Our Story
In the sunny little town of Asheville, North Carolina, a place of rivers, ridgelines, and slow quiet mornings, a young man named Lawrence was turning a question over in his mind one afternoon in 2017: why was it so hard to find a simple cotton shirt that truly fit the women he loved, his mother and his sister? He walked every store in town and came back empty-handed. Everything felt off — too stiff, too loud, too careless.
So he stopped looking.
And started making.
Lawrence sketched the silhouettes himself and partnered with a small local factory to craft them in soft cotton and responsibly sourced materials. A week later, he brought the first finished shirts home. When his mother and sister slipped them on and smiled, he understood he had made more than clothing. He had made something that felt right.

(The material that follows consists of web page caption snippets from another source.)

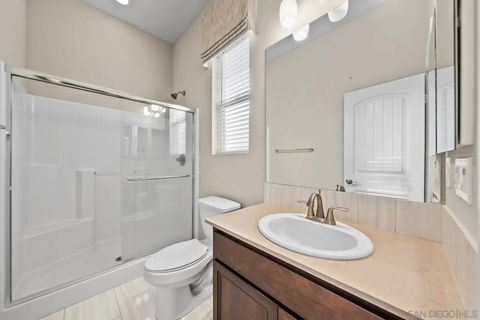 1797 Santa Christina Ave Chula Vista CA 91913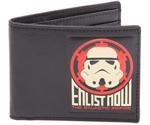 BioWorld Star Wars The Galactic Empire (MW080549STW)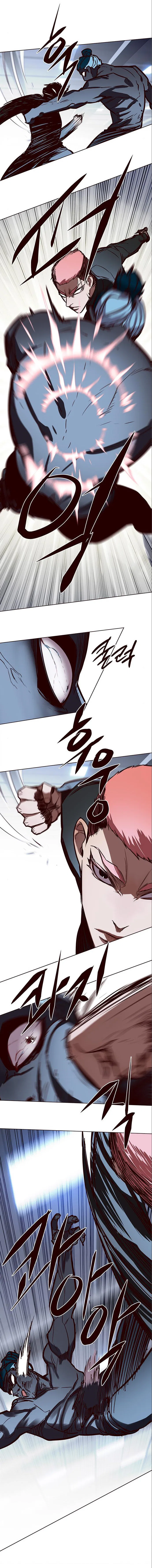 Eleceed Chapter 149 – Page 19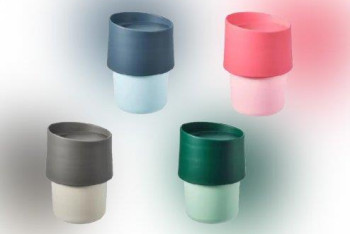 Фотография к новости: Посуда из IKEA оказалась токсичной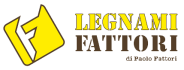 Legnami Fattori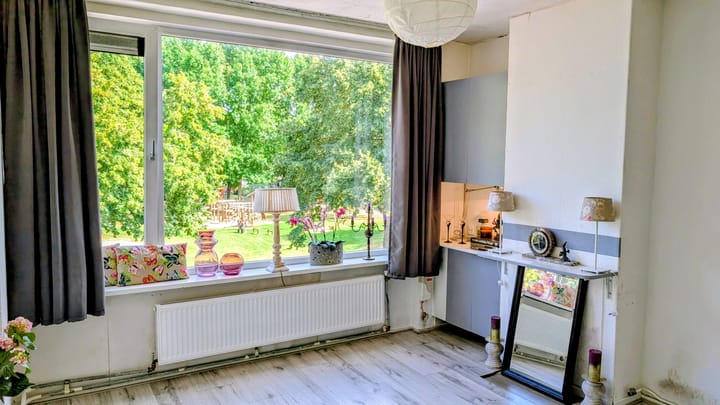 Foto 24 van Belgiëlaan 266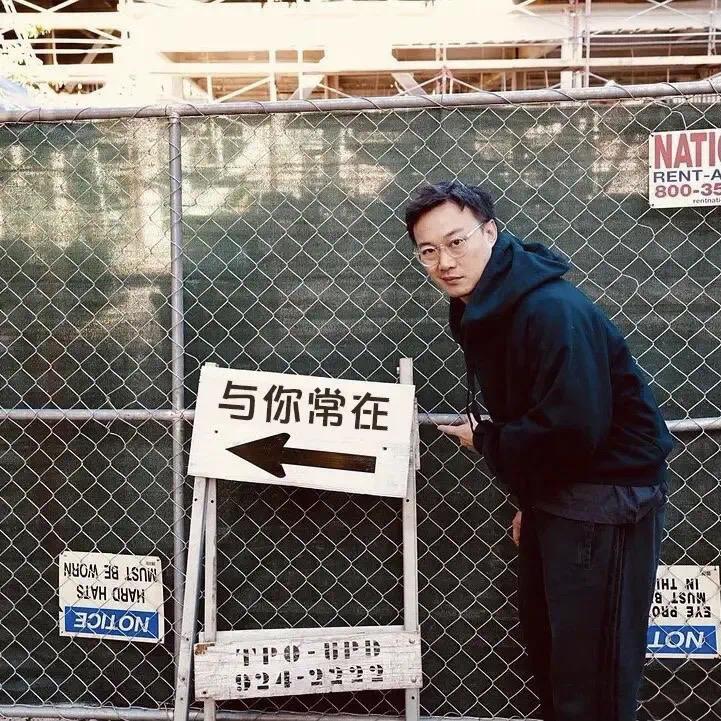 可一可再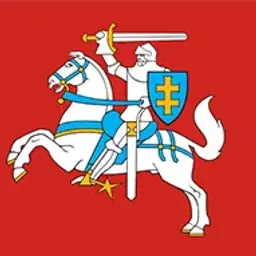 Lietuva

That small moment was the seed of a larger idea: if clothes made with intention could change the way two people feel in their everyday life, maybe they could do the same for thousands. To test whether others felt the same, he listed a few of those early pieces on Amazon. The response was immediate. Reviews came in, orders repeated, and what began as a gift for two people quickly proved it spoke to many. That first quiet success gave him the confidence to keep going.
He named the brand Gihuo after a river near his hometown and registered it as a trademark so the name could carry forward, unchanged, with that same sense of ease, care, and continuity. The brand has remained on Amazon ever since.
From the beginning, the point was never to dress people up, but to quietly make their days better — pieces that move the way they live, that soften with time, that do not ask for attention but eventually earn it.
Where We Are Now
Today, Gihuo designs for people who live between comfort and intention, people who want clothes that work all day without shouting. We use renewable fabrics, thoughtful cuts, and gentle processes. We like the feeling of things that last, that do not rush, that age with grace.
The world is louder now than it was in 2017, but our pace has not changed. We still make clothing the way that first shirt was made, with human hands, quiet care, and an insistence that ordinary things can be done uncommonly well.
Because that is still what we believe:
when clothes feel right, life does too.